Her answer was a mocking laugh. And that night as she lay between her blankets in the little tent, she smiled complacently. Her troubles were about over. Of course there remained many days of hard work in the ascent of the Coppermine, and the traverse of the numerous lakes of its upper reaches. But the river would lead her straight to the Heywood Mountains and there she would find her father. She had the necessary supplies for the journey, and plenty of help to move these supplies. On the whole the undertaking was wonderfully simple—too simple to be particularly interesting. The men who write of the North are prone to overrate its hardships. The smile broadened at thought of her father’s surprise at seeing her walk into his camp, and she closed her eyes and slept.

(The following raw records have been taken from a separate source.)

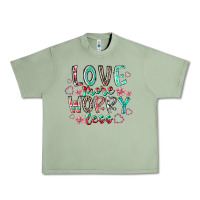 Oil Green love more worry less Urban Heavy Tee - RacoonDesign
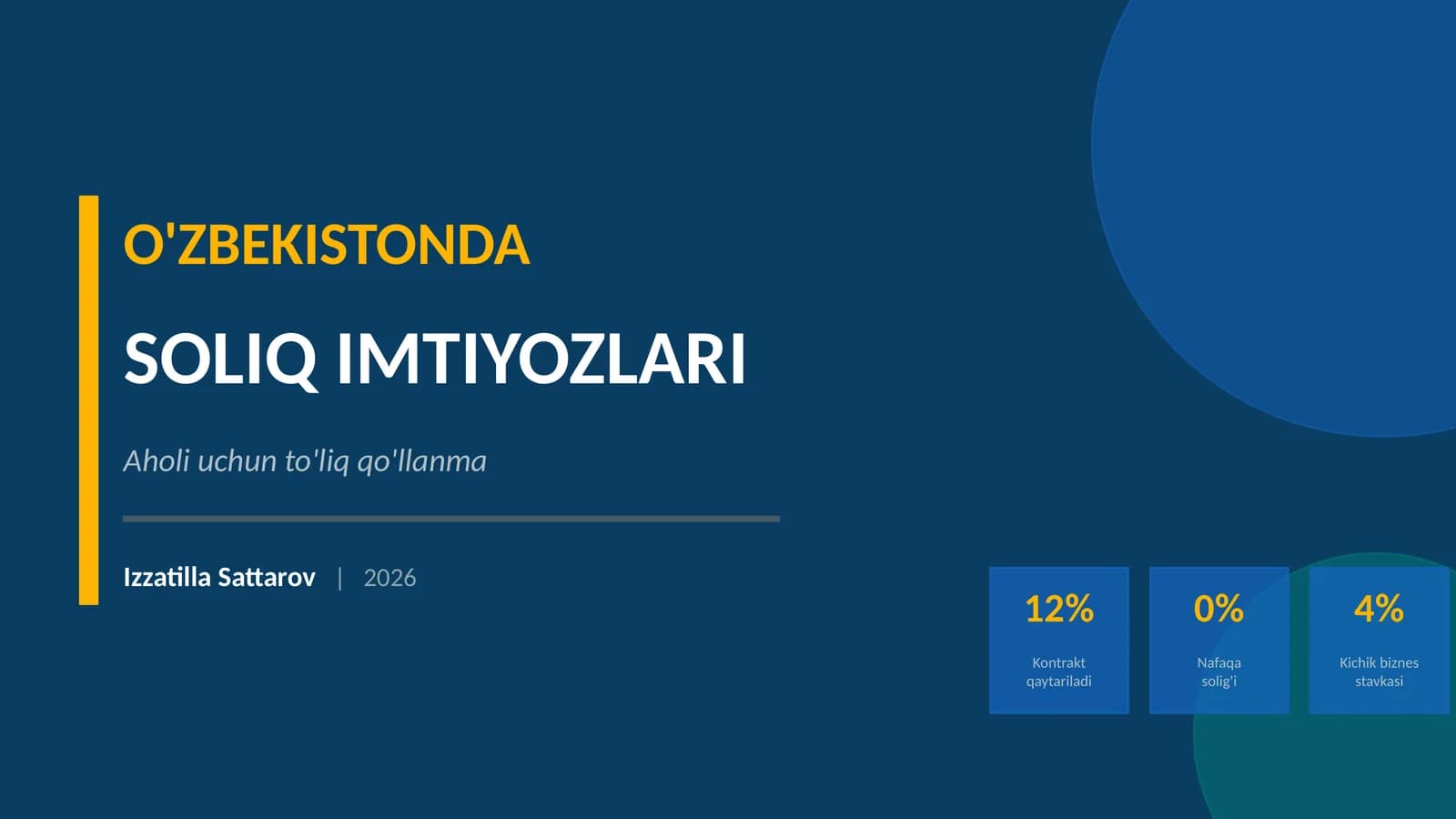 SOLIQ IMTIYOZLARI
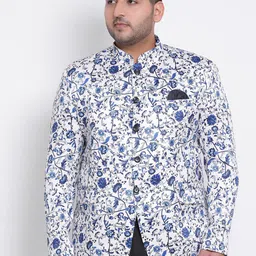 Hangup Men White & Blue Floral Printed Bandhgala Blazer-image-9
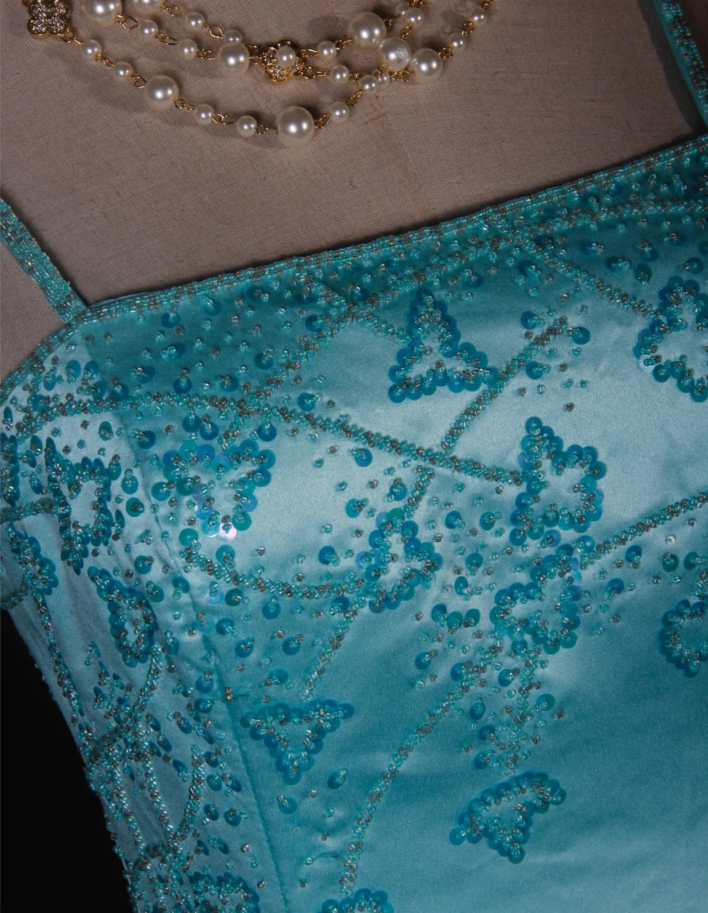 Gorgeous Blue Spaghetti Straps Satin Beaded Mermaid Long Birthday Prom Dress Party Dress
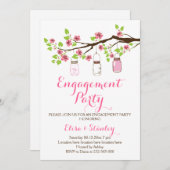 Invitation Fête de fiançailles de cerisier fleur de bocal de (Devant / Derrière)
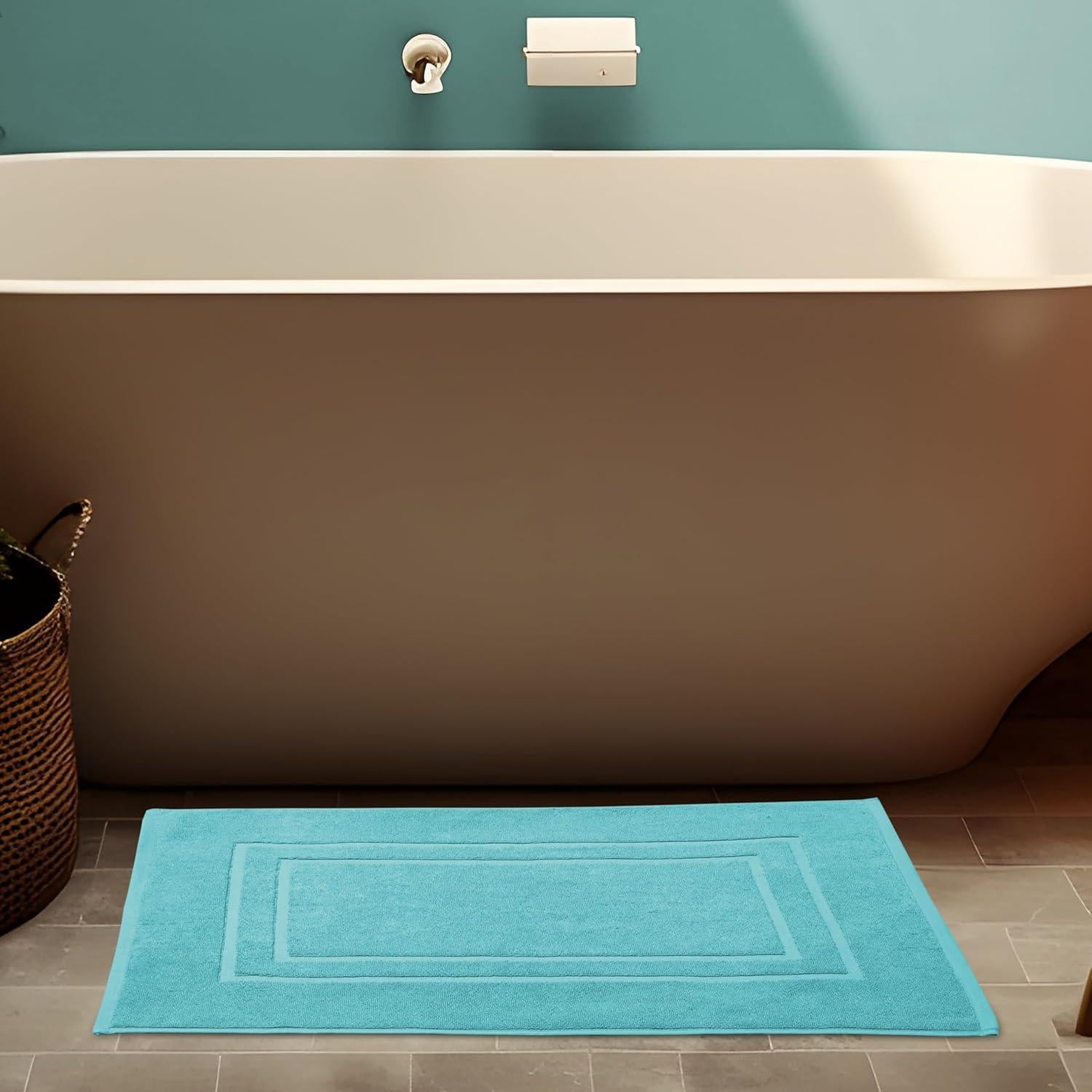 Juego de 2 Alfombrillas de Baño Aqua 100% Algodón Terry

Irma Boyne had yet to learn the North. She was even now committing the gravest error that it is within the providence of the traveller beyond the outposts to commit. She was overestimating her own strength and ability, and underestimating the vicissitudes of the lean, lone land. And woefully had she underestimated the cunning of Amos Nixon, whose apparently inadvertent mention of the Heywood Range had been a master stroke.

CHAPTER IV – THE GOOD MAN

Irma Boyne opened her eyes sleepily the following morning and glanced at her watch. It was six o’clock, and she lay listening for the sounds of the camp—the crackle of the fire, the stealthy moving about of the Indians in the cooking of breakfast, and the preparation of the outfit for the trail. Surely, she thought, they could not still be sleeping. Again she listened. No, the sounds of sleeping would be more evident than the sounds of preparation, for the mission Indian, Chrysostom, was an inveterate and insistent snorer. Each moment from the closing of his eyes to the opening of them was fraught with loud and disagreeable sound. A fact which, at first, had annoyed and irritated the girl almost to the point of dismissing him from her employ. But as the weeks passed she became accustomed to it, and of late, when she had awakened in the night she found herself taking certain comfort from the sound—an added sense of security. But there was no sound of snoring—no sound of any kind. An unnatural stillness seemed to have settled upon the land—a stillness accentuated rather than shattered by the muffled roar of the limestone rapids of the Kendall.